··· Exercise data ···

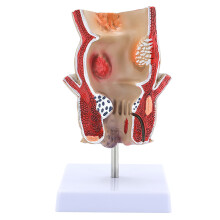 Human Rectum Model for Anatomy Pathologies of Rectum Model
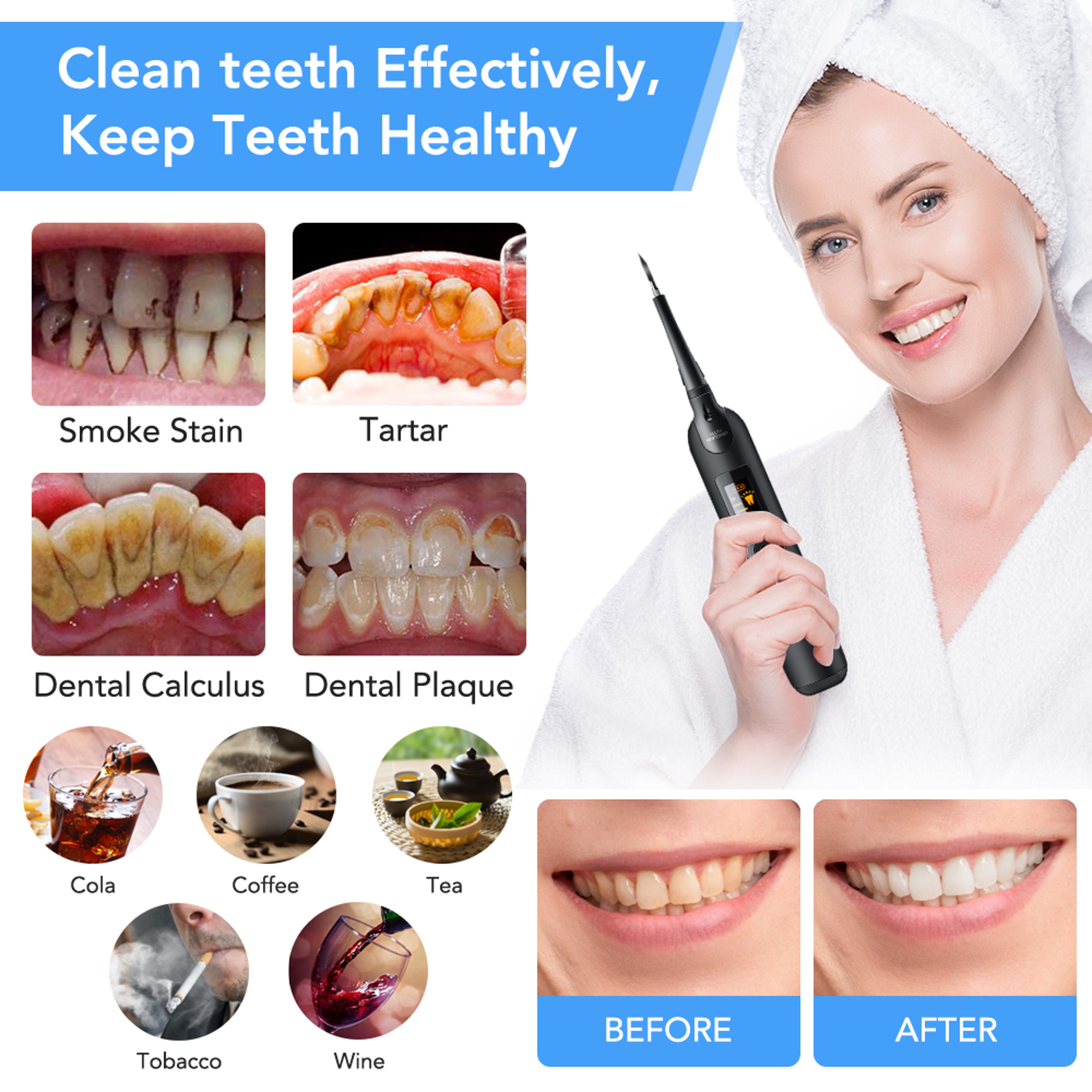 Electric Sonic Dental Scaler Calculus Stains Remover Tooth Cleaner Kit For Teeth Whitening  Oral Ca 3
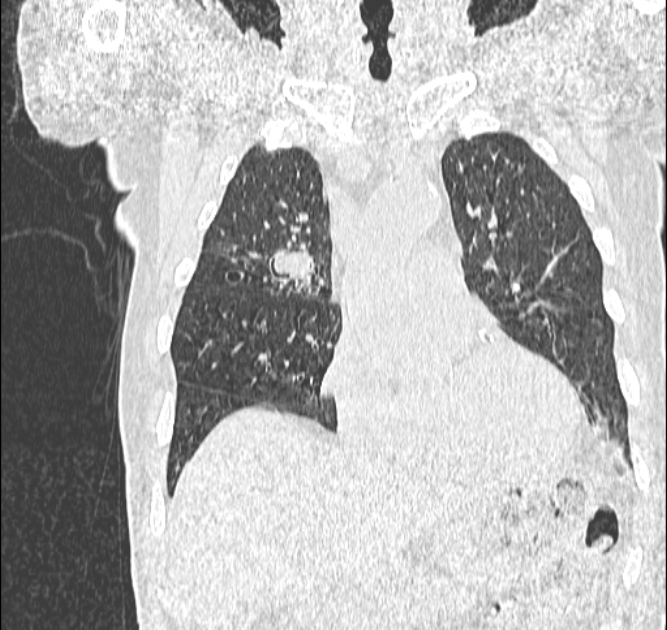 Aspergilloma (Radiopaedia 44592-48327 Coronal lung window 40).jpg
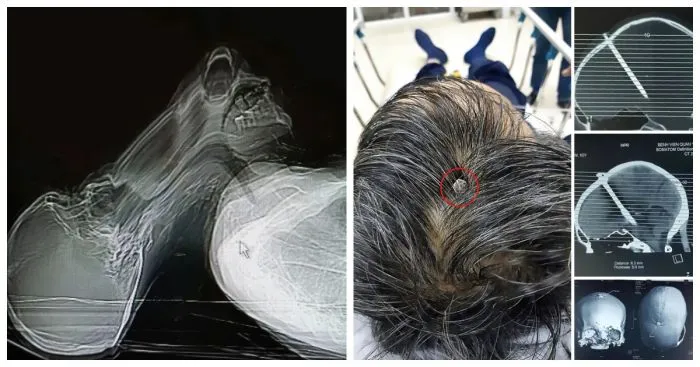 20 невероятных случаев из медицинской практики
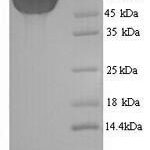 SDS-PAGE separation of QP7778 followed by commassie total protein stain results in a primary band consistent with reported data for Cytokeratin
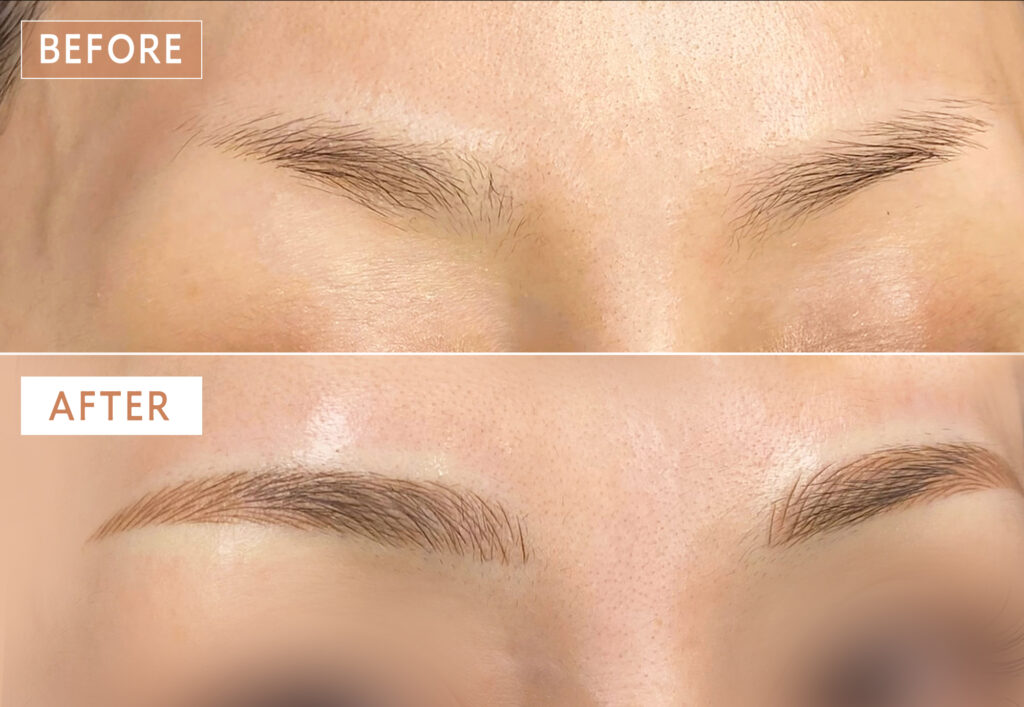 上がり眉をアートメイクでなだらかにした症例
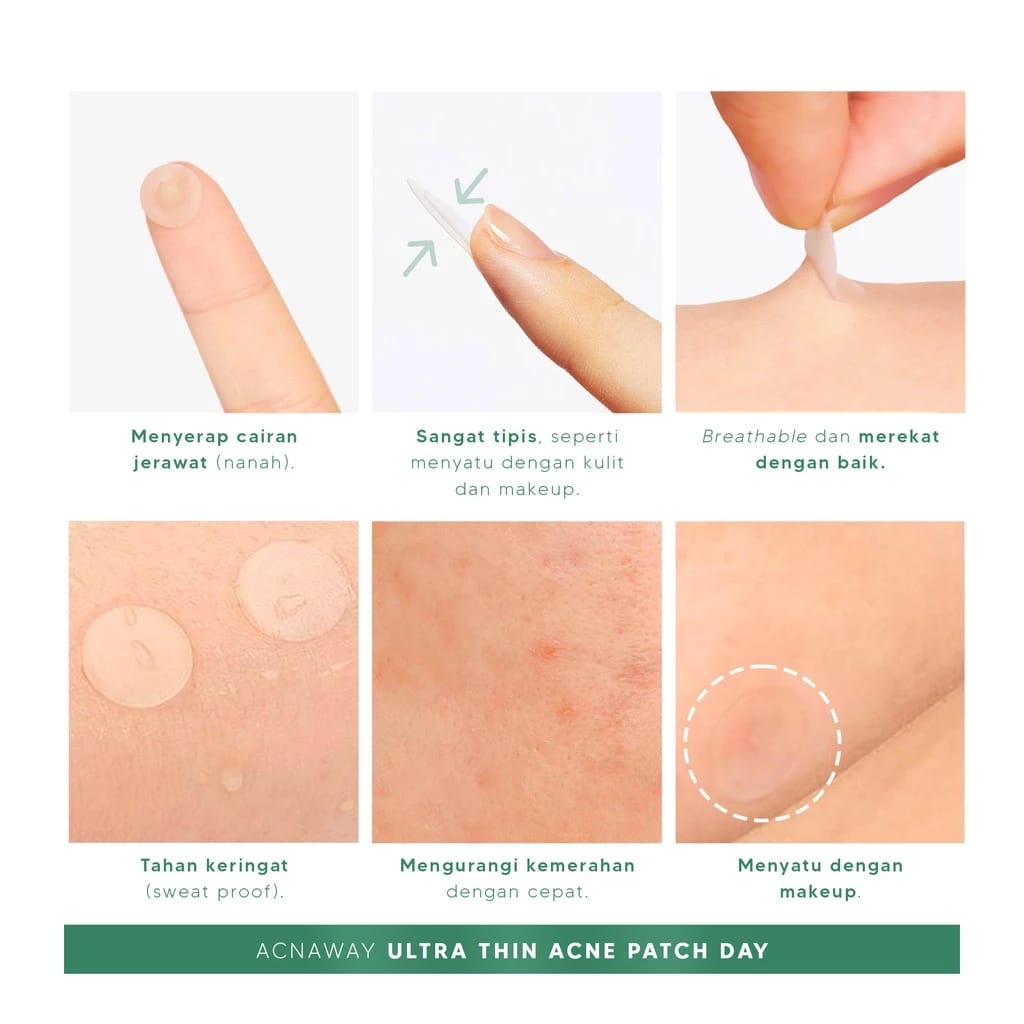  ACNAWAY Ultra Thin Acne Patch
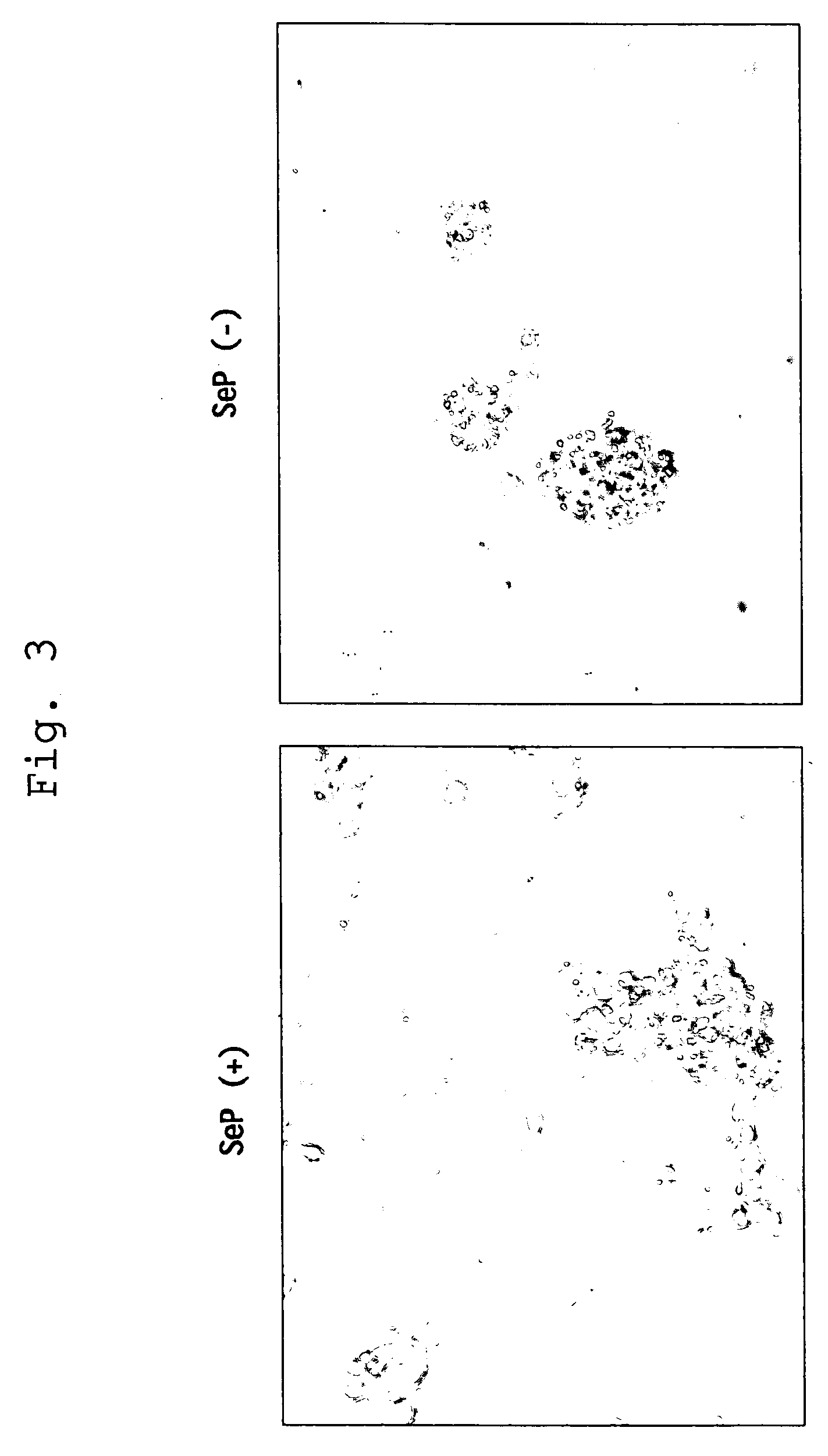 Novel medicament for ameliorating dyskinesia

···

• **To do**:
Write the lines from the one containing "SDS-PAGE separation of" through the end of the data above exactly as they appear, and do not carry over any picture.

• **Solution**:
 SDS-PAGE separation of QP7778 followed by commassie total protein stain results in a primary band consistent with reported data for Cytokeratin
 上がり眉をアートメイクでなだらかにした症例
  ACNAWAY Ultra Thin Acne Patch
 Novel medicament for ameliorating dyskinesia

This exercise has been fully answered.